#### EXERCISE BRIEF:
In the material below, find every line containing the string "cuprous" and return it.

#### DATA FOR THIS EXERCISE:
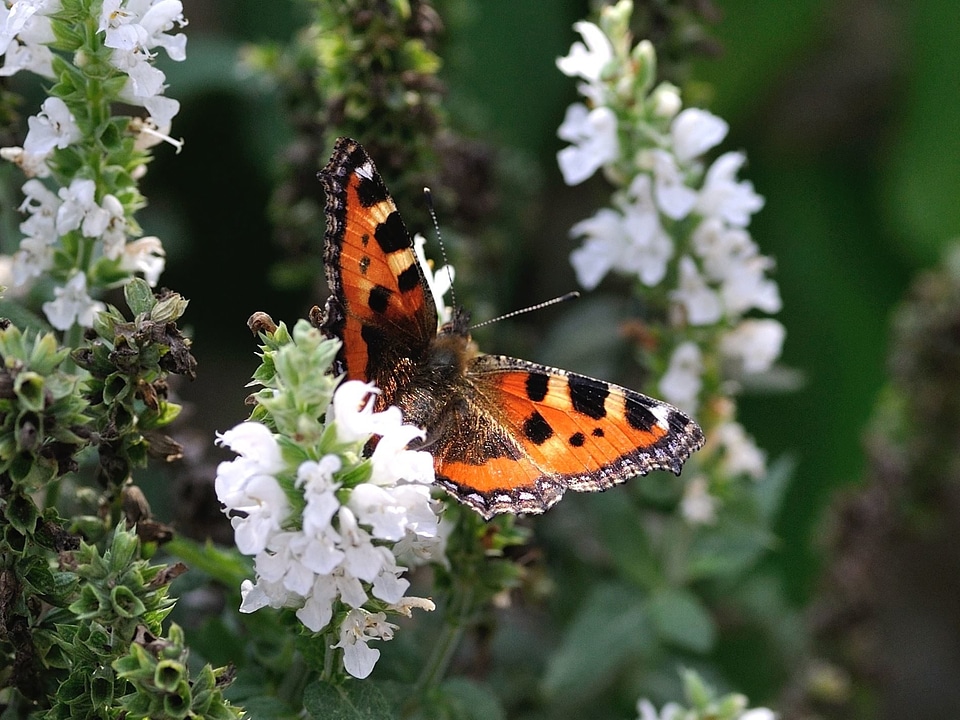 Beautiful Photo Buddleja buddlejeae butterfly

* * *

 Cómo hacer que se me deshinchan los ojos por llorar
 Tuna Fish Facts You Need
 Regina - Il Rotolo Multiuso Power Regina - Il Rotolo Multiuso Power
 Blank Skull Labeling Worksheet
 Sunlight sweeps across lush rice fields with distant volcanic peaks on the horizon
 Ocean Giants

...

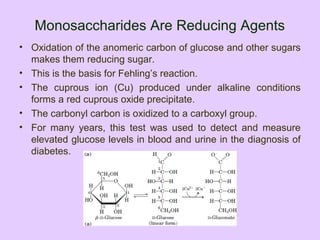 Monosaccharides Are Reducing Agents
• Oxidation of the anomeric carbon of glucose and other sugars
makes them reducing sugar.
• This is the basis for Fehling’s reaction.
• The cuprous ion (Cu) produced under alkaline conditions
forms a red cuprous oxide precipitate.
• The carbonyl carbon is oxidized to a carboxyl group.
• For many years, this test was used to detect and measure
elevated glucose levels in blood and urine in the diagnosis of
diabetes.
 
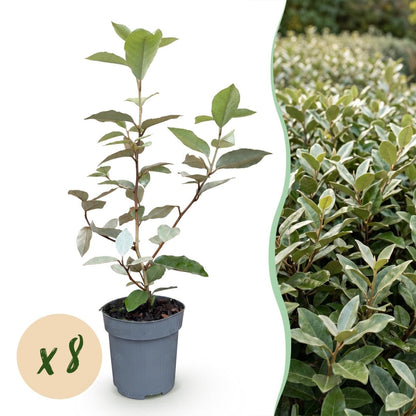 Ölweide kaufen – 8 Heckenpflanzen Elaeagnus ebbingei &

#### TASK SOLUTION:
• The cuprous ion (Cu) produced under alkaline conditions
forms a red cuprous oxide precipitate.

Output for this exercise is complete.